- Exercise requirements
Leaving out every picture, copy the lines of the material below exactly, from the line containing "Enfant Football Maillot" through the line containing "Макет белой футболки".

[Opening Dataset section]

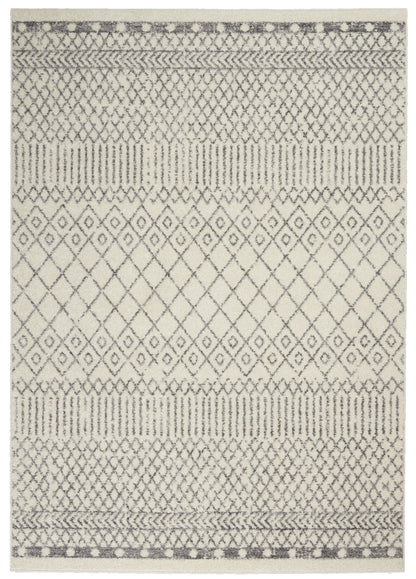 5' X 7' Gray Geometric Power Loom Area Rug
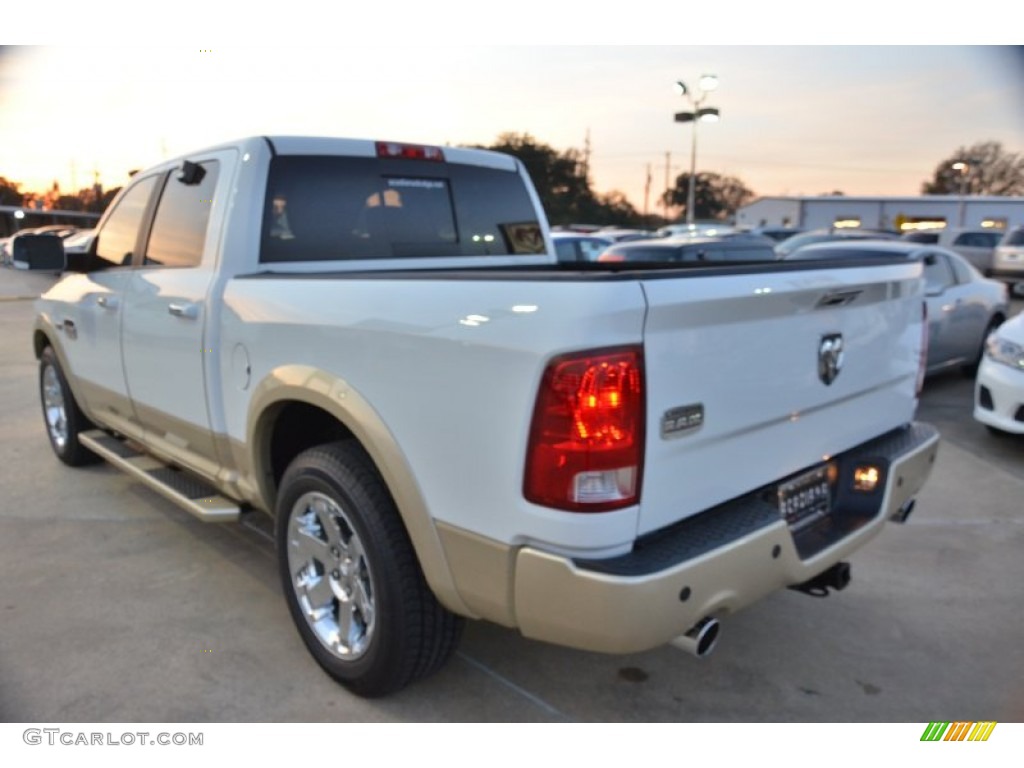 2011 Ram 1500 Laramie Longhorn Crew Cab - Bright White / Light Pebble Beige/Bark Brown photo #3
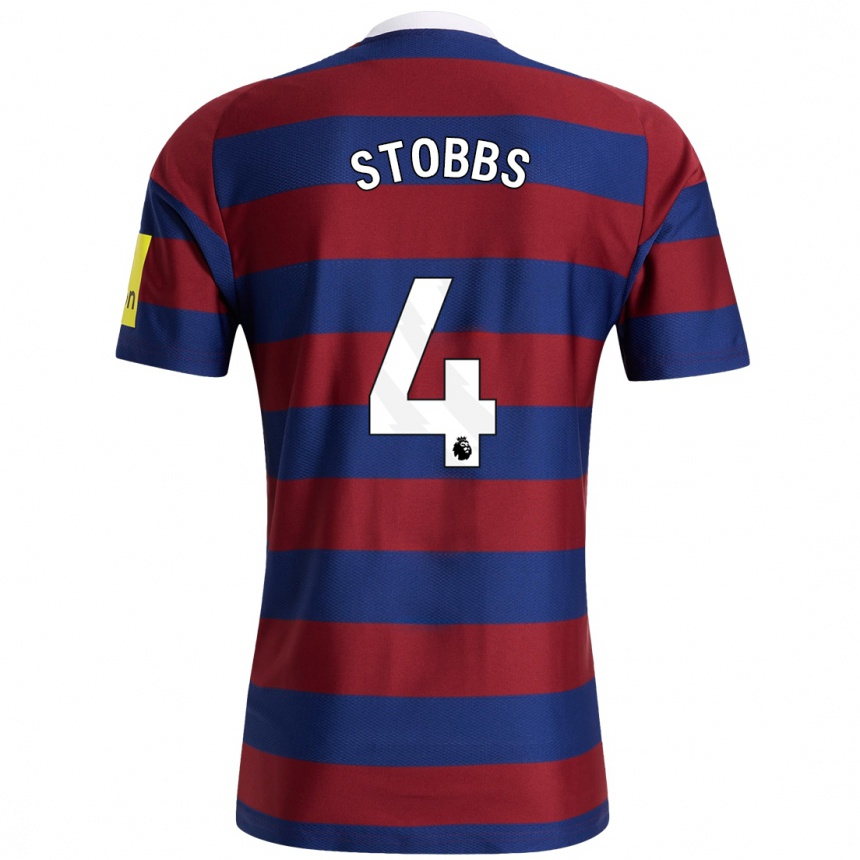 Enfant Football Maillot Amber-Keegan Stobbs #4 Bordeaux Bleu Marine Tenues Extérieur 2024/25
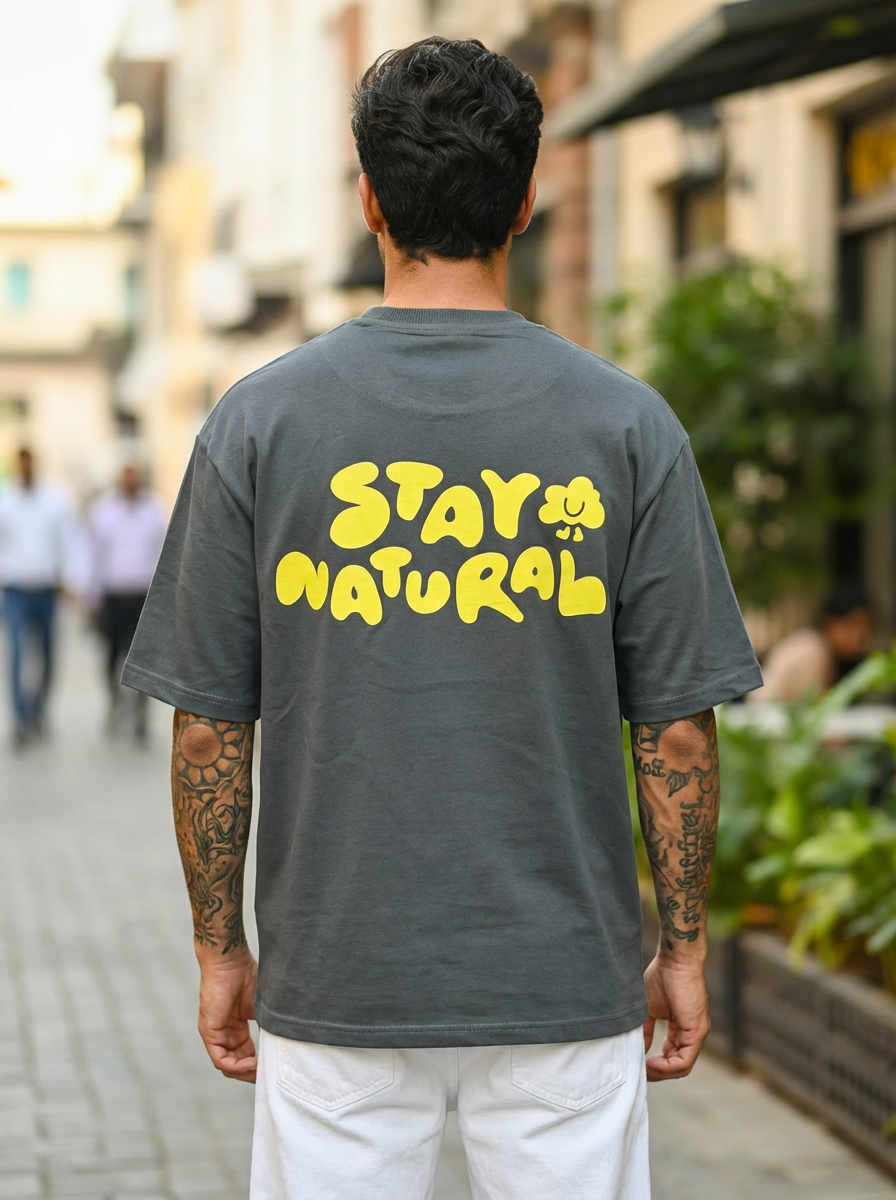Stay Natural Oversized Dark Green T-Shirt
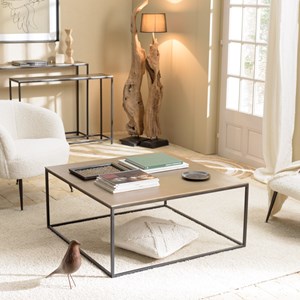 Johan - table basse carrée 90x90cm aluminium doré et noir pieds métal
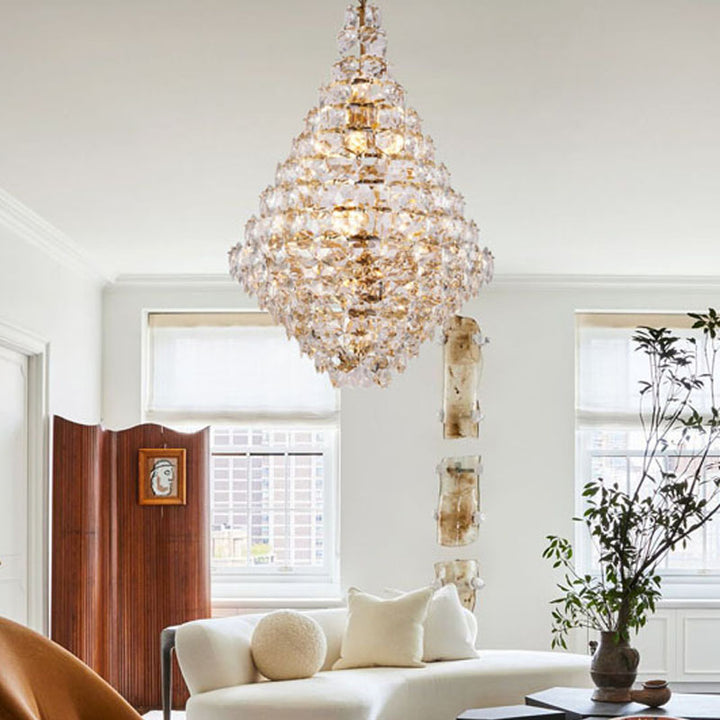 Frame Chandelier with Clear Hanging Crystals (GL431) by Bethel - view 62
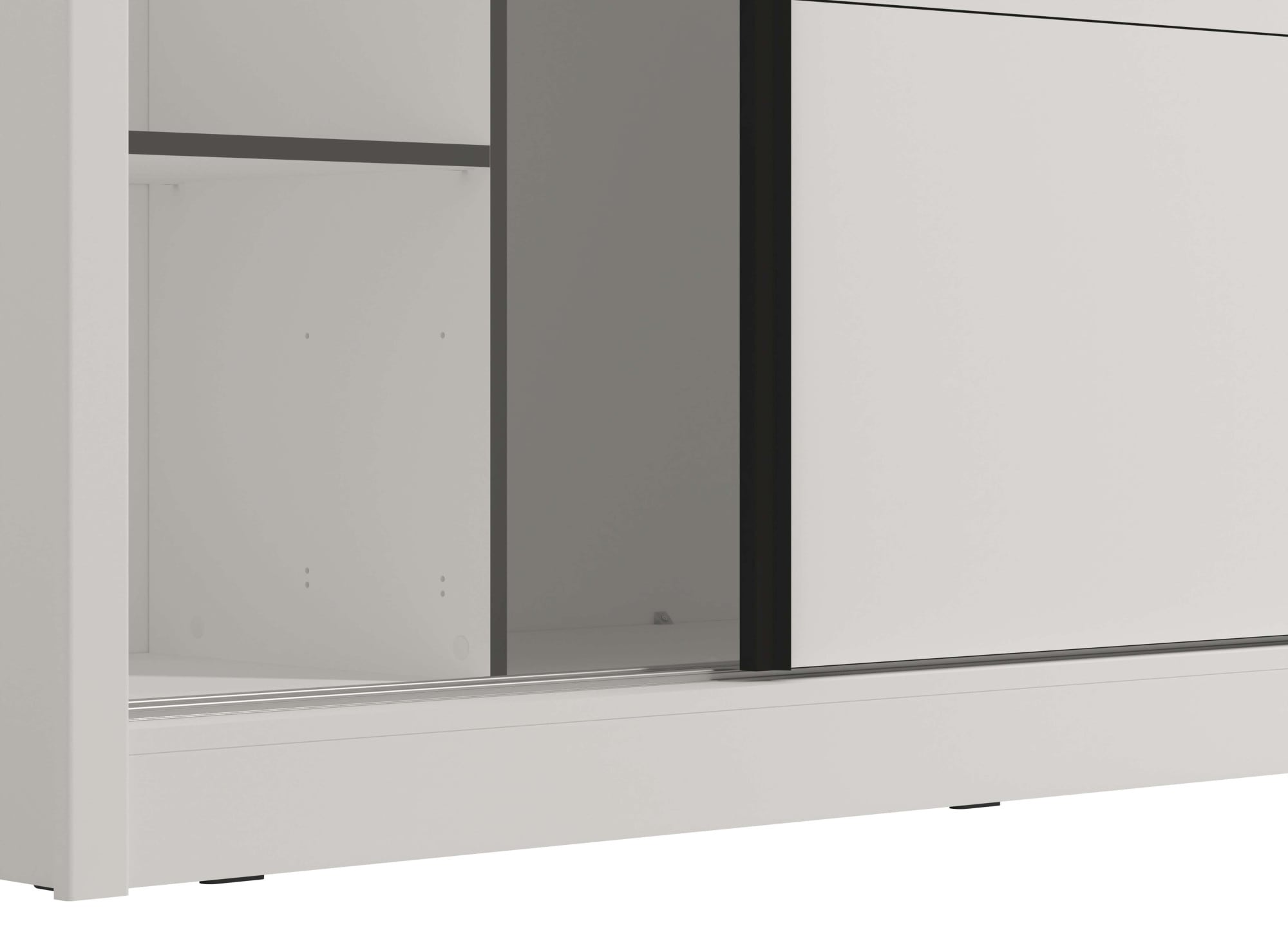 INOSIGN Schwebetürenschrank »Albi, Schlafzimmerschrank, Wäscheschrank in cashmere oder weiß« Kleiderschrank mit Spiegel MIT Innenausstattung,FSC®-zertifiziert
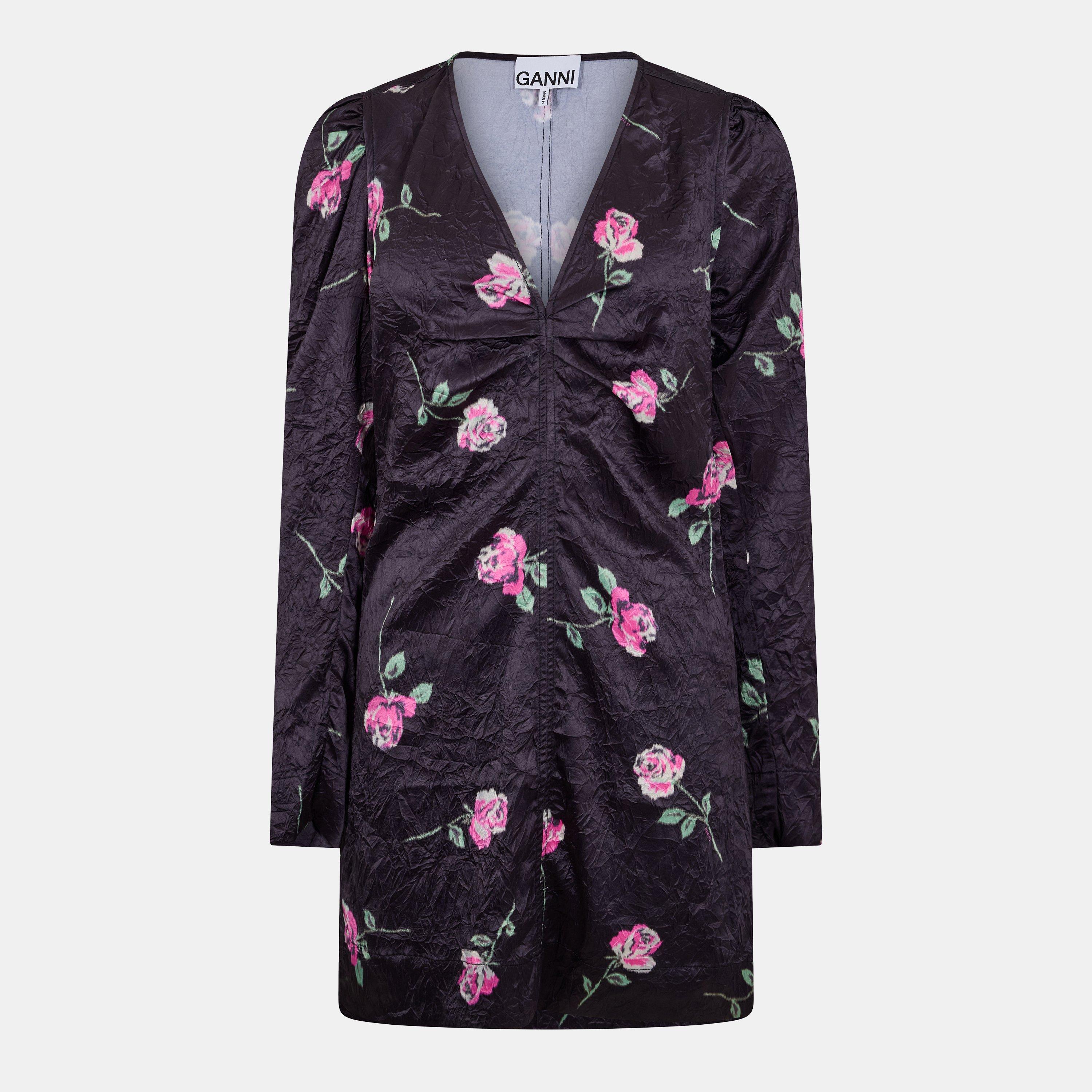Ganni Women's Satin V Neck Mini Dress - Black - Size 8 (34)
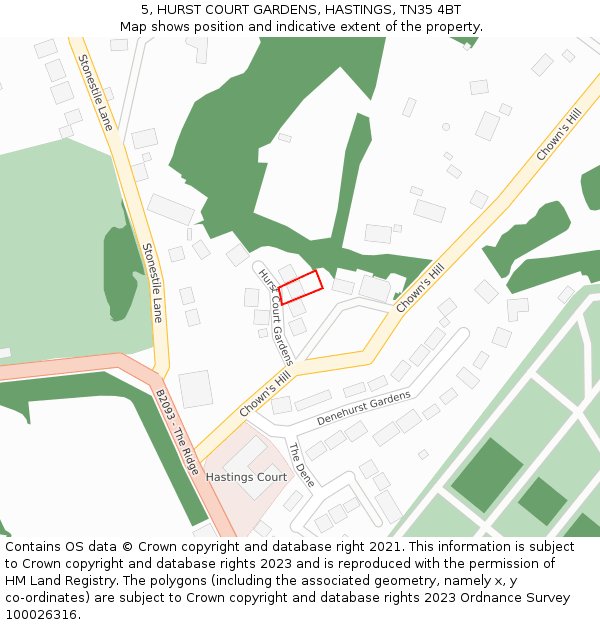 5, HURST COURT GARDENS, HASTINGS, TN35 4BT: Location map and indicative extent of plot
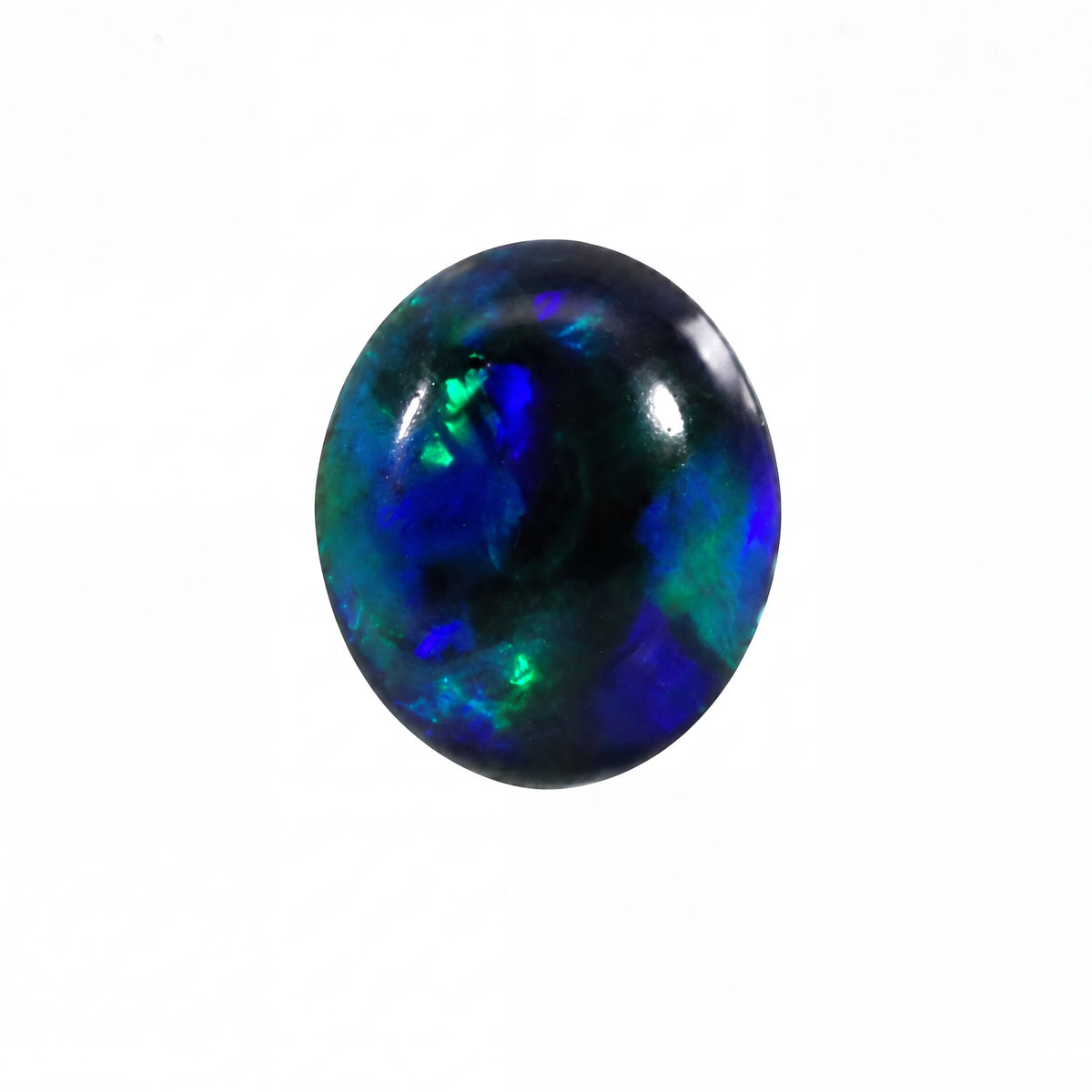 A single oval cabochon gemstone with a vibrant play-of-colour pattern featuring deep blue, green, and black, set against a plain white background.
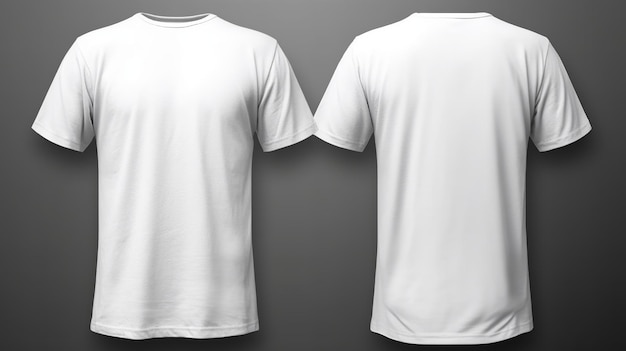 Макет белой футболки спереди и сзади Generative Ai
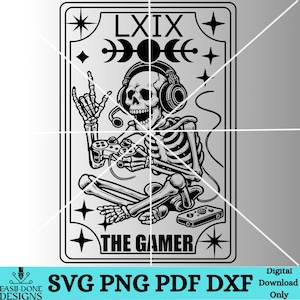 Tarot carte SVG PNG pdf et dxf fichier Gamer Tarot svg amateur de jeux vidéo svg laser et coupe téléchargement numérique Vector clipart svg céleste png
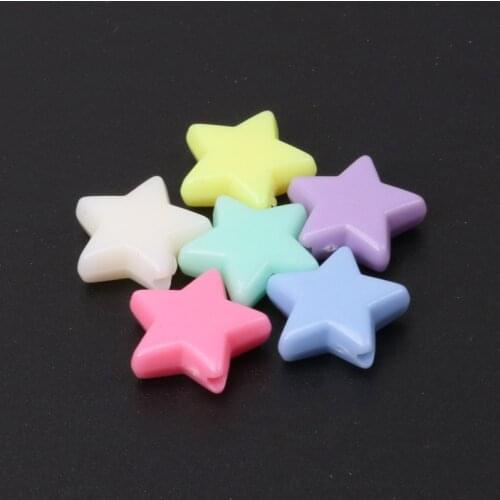 12x11mm 100pcs Mixed Candy Acrylic Lovely Star Spacer Beads For Jewelry Handmade Diy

[Closing Dataset section]

- Task solution
 Enfant Football Maillot Amber-Keegan Stobbs #4 Bordeaux Bleu Marine Tenues Extérieur 2024/25
Stay Natural Oversized Dark Green T-Shirt
 Johan - table basse carrée 90x90cm aluminium doré et noir pieds métal
 Frame Chandelier with Clear Hanging Crystals (GL431) by Bethel - view 62
 INOSIGN Schwebetürenschrank »Albi, Schlafzimmerschrank, Wäscheschrank in cashmere oder weiß« Kleiderschrank mit Spiegel MIT Innenausstattung,FSC®-zertifiziert
Ganni Women's Satin V Neck Mini Dress - Black - Size 8 (34)
 5, HURST COURT GARDENS, HASTINGS, TN35 4BT: Location map and indicative extent of plot
 A single oval cabochon gemstone with a vibrant play-of-colour pattern featuring deep blue, green, and black, set against a plain white background.
 Макет белой футболки спереди и сзади Generative Ai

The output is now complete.